Yang merupakan ekspresi keprihatinan anggota kelompok SASTRA KITA setelah
ditemukannya senjata-senjata mutakhir untuk berperang (baca: untuk menghabisi
nyawa manusia). Namun, pementasan yang dipergelarkan di Pasar Seni jaya Ancol
pada tanggal 20 September 1985, dan hanya mendapatkan ‘honor’ makan malam
dengan nasi bungkus ini dinilai kurang memuaskan oleh kelompok SASTRA KITA
sendiri.
Sejak tahun 1990, karena berbagai
kesibukan anggotanya, SASTRA KITA tidak lagi aktif – melakukan kegiatan diskusi
atau mengunjungi sma seperti pada tahun-tahun sebelumnya. Meski masih
menerbitkan buku, kegiatan yang dilakukan “SASTRA KITA” tak lagi aktif seperti
tahun-tahun sebelumnya. (sudah tidak pernah lagi kumpul-kumpul untuk
berdiskusi, kecuali hanya saling kunjung mengunjungi di antara anggotanya). Hal
ini disebabkan para personilnya pindah alamat, dan ada pula yang karena
kesibukan keluarga (ketika kelompok diskusi “SASTRA KITA” dibentuk belum ada
satu pun anggotanya yang sudah berkeluarga), ada pula yang sibuk dengan
pekerjaan yang ditekuninya hingga tidak lagi berkiprah dalam dunia susastra.

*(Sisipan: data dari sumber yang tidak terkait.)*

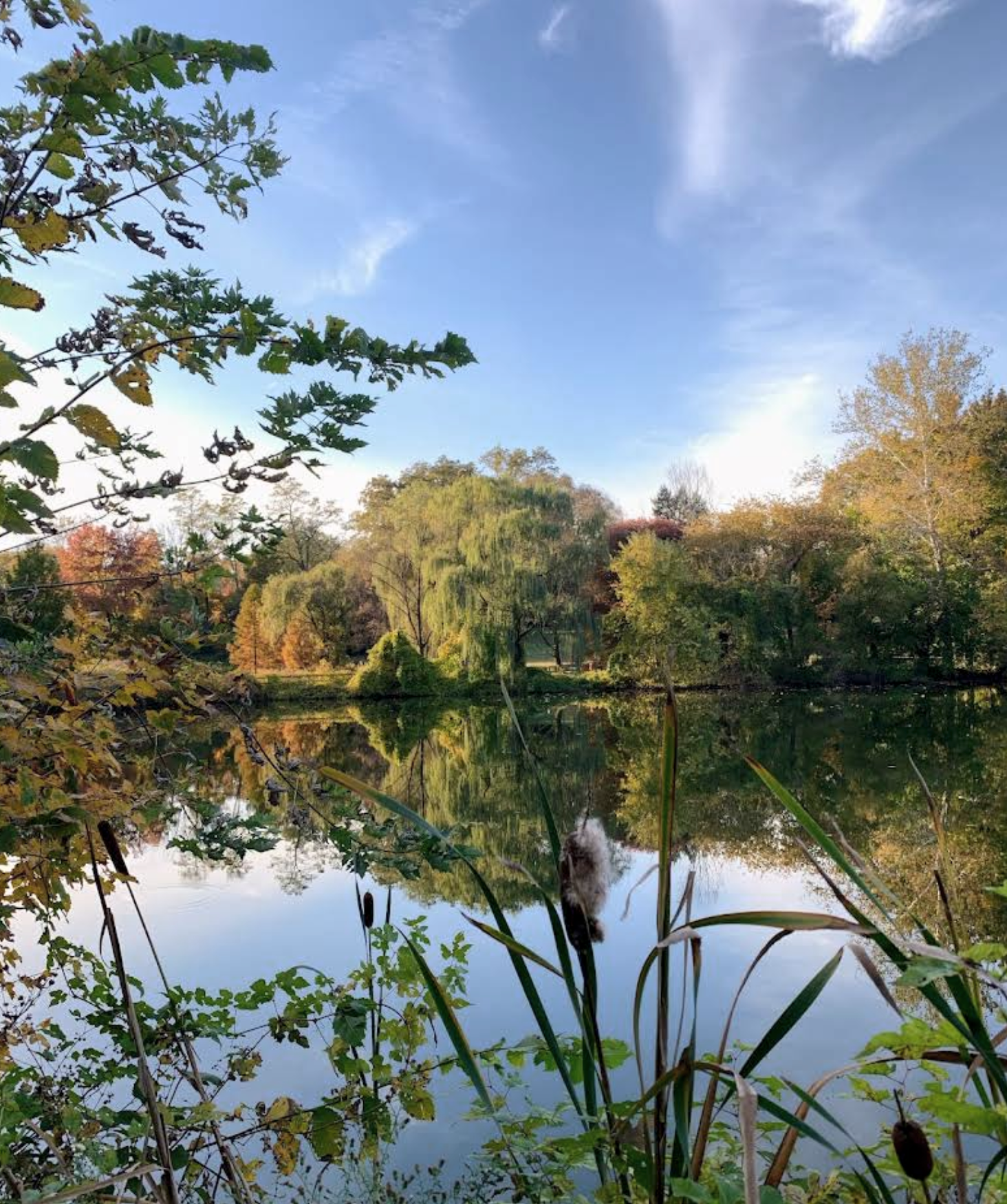 A peaceful scene of a calm river or pond surrounded by trees with green and autumn foliage, under a blue sky with some clouds. The trees and sky are reflected in the water.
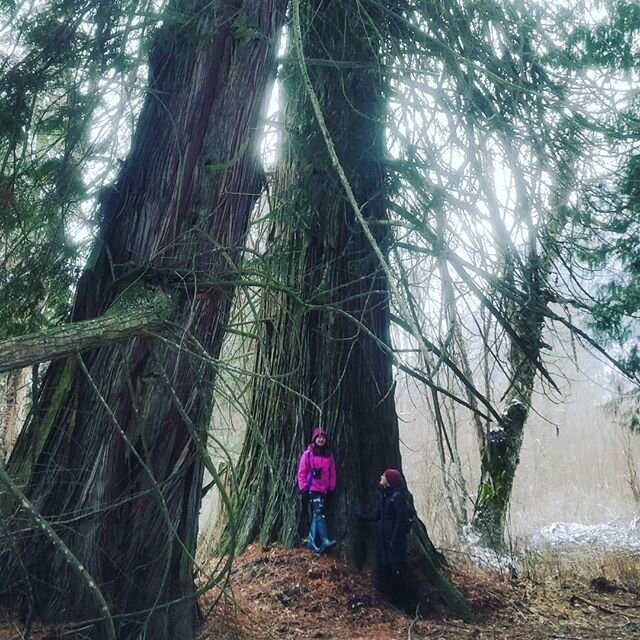 Visited some 800 year old grand mothers,
Followed a bobcat in th snow
A  cayotee witnessed our passing,

Meanwhile,  owl took, in consummate stealth, took flight 📍 ancestral lands of the Ktunaxa

#oldgrowth #cedar #ancientones #kootenayreflections 
@risaanne777 @vvcowan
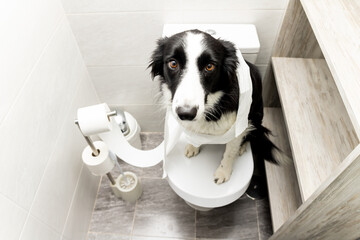 Dog shenanigans! A border collie dog sits on top of a toilet in a bathroom in a house rolled up with toilet paper. The animal looks at the camera with a sad face. Dog repentance. - obrazy, fototapety, plakaty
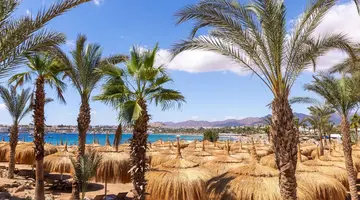 Swissotel Sharm El Sheikh Managed By Rix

Karena komunitas sastra ini
merupakan organisasi tanpa bentuk (hanya semacam kelompok diskusi), maka tidak
ada yang menduduki jabatan ketua, sekretaris, bendahara dan jabatan struktural
lainnya. Yang ada hanya pendiri dan anggota. Sedangkan cara kerja yang
dilakukan oleh kelompok “SASTRA KITA” dengan cara dikerjakan bersama-sama
(tidak ada pembagian tugas secara khusus) melainkan hanya berdasarkan siapa
yang sempat. Semacam paguyuban atau sambatan (seperti tradisi membangun
rumah di daerah Jawa beberapa tahun yang lalu). Semua anggota berusaha saling
membantu satu sama lain.
Kelompok
diskusi “SASTRA KITA” tidak menganut ideologi tertentu. Melainkan hanya karena
perasaan yang sama sebagai penulis muda kurang mendapatkan (baca: hanya
dipandang sebelah mata) perhatian oleh sastrawan senior dan penerbit buku.
Pada tahun 1996, kelompok “SASTRA
KITA” bergabung dengan KSI (Komunitas Sastra Indonesia) yang dimotori oleh
Wowok Hesti Prabowo. Nah, sejak bergabung dengan KSI dengan sendirinya “SASTRA
KITA” menjadi bagian dari KSI. Meskipun sampai saat ini “SASTRA KITA” tak
pernah secara resmi bubar. Dan sebagian pendiri dan aggota “Sastra Kita” (yang
masih berkiprah di dunia karya sastra) sebagian menjadi aktivis KSI. Karena
sebagian anggota kelompok diskusi SASTRA KITA sudah tidak lagi berkiprah dalam
dunia sastra. (Humam S. Chudori)
Juni 2012
Keren. Lebih keren lagi jika ada biodata pendirinya, serta keberadaannya saat ini.